To understand the complexity of this event, it's important to separate what Microsoft intended Azure Stack to be, from what enthusiasts wanted it to be, from what Azure Stack actually is. These three things combine and interact to determine how Azure Stack will be perceived by paying customers, and how this will affect its uptake.

The Azure Stack Endgame
What Microsoft wants from Azure Stack is a means to drive as many workloads as humanly possible into its Azure public cloud. Cost, privacy concerns, regulation, fear, lack of skills and good old-fashioned job protectionism are all reasons that organizations have been reluctant to shift workloads into the cloud.

Microsoft is working on regulation, and working in concert with Google (and others) on allaying privacy concerns by "re-educating" citizens. It can't do anything about job protectionism, and cost will either take care of itself in time or it won't; unless Microsoft starts laying fiber around the world, there isn't much it can do there, either.

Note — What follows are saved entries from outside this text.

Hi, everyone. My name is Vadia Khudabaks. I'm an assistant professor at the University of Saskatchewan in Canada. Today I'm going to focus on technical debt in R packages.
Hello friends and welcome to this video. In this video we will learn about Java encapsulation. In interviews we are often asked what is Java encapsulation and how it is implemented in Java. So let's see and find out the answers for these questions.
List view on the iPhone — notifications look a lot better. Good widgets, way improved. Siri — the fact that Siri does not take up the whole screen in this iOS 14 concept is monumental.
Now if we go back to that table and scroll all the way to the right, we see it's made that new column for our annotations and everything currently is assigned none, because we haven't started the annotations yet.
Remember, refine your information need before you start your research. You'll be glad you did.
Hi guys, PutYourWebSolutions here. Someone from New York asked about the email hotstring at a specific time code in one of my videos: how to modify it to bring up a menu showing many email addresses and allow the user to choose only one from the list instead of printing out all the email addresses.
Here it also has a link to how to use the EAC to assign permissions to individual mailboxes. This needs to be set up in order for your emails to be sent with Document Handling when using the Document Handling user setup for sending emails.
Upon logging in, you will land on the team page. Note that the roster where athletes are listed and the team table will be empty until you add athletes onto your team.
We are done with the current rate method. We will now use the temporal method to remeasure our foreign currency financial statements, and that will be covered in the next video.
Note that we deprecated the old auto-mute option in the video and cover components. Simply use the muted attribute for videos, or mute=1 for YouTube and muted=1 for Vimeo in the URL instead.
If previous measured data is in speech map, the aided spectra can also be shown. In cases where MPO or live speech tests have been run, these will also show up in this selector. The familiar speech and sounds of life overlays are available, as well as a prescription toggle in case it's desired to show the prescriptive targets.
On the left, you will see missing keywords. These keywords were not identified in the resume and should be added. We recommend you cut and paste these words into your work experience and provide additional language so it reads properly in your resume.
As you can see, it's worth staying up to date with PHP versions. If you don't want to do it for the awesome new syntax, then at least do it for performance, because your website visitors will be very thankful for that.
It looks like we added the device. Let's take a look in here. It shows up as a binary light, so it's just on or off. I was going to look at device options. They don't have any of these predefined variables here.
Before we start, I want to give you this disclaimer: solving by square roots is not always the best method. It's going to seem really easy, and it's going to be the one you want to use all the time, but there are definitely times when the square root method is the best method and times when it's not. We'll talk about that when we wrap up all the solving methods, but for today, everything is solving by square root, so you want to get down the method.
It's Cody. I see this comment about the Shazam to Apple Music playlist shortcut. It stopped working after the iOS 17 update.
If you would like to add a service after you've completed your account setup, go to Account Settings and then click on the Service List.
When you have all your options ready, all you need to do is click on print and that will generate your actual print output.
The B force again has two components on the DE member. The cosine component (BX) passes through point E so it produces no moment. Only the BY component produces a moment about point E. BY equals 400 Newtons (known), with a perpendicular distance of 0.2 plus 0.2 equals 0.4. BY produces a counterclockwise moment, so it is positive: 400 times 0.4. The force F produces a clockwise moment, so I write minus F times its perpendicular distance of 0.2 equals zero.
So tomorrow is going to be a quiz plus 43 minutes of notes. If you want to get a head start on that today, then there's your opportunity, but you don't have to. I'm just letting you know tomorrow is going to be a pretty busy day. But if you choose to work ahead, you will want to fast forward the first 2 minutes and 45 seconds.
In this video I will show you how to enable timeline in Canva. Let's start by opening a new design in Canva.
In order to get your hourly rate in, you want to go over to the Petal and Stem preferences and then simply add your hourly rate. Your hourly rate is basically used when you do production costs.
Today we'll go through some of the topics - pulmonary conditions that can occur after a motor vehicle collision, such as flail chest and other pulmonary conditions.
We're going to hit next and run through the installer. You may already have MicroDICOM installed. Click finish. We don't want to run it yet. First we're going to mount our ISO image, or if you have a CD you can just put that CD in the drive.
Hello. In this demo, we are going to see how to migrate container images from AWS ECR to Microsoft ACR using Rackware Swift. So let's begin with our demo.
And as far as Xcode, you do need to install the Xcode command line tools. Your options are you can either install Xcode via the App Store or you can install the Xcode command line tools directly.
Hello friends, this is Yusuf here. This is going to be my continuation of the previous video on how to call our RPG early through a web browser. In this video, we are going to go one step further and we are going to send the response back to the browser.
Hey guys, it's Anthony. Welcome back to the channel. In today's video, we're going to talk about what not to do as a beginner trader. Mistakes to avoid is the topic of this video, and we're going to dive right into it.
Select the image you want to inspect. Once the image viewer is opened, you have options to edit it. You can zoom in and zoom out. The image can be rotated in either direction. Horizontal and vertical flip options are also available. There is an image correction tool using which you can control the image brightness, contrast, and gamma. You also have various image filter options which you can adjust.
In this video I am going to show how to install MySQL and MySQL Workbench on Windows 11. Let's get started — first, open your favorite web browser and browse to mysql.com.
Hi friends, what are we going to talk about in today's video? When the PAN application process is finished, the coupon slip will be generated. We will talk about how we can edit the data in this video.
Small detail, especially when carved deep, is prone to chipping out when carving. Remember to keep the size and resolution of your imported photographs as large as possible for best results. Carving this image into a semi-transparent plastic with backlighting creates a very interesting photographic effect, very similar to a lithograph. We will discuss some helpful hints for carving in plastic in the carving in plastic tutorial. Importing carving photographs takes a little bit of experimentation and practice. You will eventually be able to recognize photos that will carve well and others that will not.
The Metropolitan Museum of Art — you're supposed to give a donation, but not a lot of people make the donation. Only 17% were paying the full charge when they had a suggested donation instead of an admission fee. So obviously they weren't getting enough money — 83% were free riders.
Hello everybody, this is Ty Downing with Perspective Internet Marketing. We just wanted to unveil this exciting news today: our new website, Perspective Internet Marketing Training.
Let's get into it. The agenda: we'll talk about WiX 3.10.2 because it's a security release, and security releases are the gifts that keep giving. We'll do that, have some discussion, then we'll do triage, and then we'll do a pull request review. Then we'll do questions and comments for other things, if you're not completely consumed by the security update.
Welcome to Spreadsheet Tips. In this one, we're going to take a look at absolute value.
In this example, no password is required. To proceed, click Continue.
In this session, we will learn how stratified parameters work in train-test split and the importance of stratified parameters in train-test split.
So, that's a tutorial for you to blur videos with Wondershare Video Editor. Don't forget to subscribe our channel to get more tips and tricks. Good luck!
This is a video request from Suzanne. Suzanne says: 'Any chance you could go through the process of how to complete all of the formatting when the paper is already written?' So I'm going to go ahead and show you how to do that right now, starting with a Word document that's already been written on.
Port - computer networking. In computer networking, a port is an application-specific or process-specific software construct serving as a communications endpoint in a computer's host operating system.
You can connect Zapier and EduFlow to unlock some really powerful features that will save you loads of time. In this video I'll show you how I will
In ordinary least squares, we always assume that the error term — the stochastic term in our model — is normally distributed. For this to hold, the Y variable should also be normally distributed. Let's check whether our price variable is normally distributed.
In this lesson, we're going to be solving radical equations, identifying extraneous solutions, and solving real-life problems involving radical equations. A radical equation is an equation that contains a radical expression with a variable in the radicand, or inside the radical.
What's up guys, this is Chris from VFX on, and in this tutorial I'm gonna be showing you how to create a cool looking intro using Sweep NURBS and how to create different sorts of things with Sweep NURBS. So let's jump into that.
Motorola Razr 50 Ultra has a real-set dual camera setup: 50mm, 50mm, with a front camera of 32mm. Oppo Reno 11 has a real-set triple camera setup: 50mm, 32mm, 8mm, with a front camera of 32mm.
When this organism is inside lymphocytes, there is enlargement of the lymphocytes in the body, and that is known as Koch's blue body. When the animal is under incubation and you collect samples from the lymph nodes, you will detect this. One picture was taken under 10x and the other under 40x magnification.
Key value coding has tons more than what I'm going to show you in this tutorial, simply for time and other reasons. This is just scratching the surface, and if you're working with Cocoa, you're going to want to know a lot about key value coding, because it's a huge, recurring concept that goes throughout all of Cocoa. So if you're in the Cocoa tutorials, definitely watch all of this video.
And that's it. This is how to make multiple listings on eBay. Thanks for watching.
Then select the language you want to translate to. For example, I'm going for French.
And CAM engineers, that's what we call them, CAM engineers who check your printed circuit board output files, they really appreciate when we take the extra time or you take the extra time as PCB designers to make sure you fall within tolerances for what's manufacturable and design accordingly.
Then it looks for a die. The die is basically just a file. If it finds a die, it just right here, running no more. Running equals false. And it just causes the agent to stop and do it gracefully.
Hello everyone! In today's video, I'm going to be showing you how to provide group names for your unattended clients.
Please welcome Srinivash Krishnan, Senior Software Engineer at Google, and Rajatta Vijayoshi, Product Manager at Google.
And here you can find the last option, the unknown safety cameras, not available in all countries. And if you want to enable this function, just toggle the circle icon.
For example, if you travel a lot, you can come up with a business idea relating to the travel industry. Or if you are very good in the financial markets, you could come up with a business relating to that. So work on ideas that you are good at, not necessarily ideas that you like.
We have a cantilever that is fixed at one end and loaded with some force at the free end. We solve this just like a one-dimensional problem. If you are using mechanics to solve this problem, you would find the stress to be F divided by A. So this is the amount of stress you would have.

This leaves fear and a lack of skills to be addressed. If Microsoft can get Azure-in-a-can into larger organizations with lots of IT staff, it can allay fear of change and help build relevant skills. More importantly, it can get self-service computing into organizations that traditionally are rather bureaucratic, getting them addicted to IT without all the red tape.

How Microsoft Wins
The theory goes that once an enterprise's IT team has made Azure Stack available to internal customers there will be no going back. They'll either have to convert their entire internal IT infrastructure to be as easy to use as a public cloud, or simply move their workloads into the public cloud. Either way, Microsoft wins.

To Microsoft, even if Azure Stack results in workloads going to Amazon, they still win. The goal is to force the entire world to change. Microsoft wants applications to be developed against microservices, to use containers and to otherwise be segmented away from the operating system entirely.

Windows costs a lot of money maintain, and Microsoft believes there are better margins -- and more consistent revenue -- to be had in the cloud. It may take decades to wean the public off of Windows, but that's the end game.

It starts by getting workloads into the public cloud where it controls every aspect of the infrastructure: from the hardware to the databases, the APIs to the containerization standards. Lock customers in, charge them a subscription and make sure they never, ever leave.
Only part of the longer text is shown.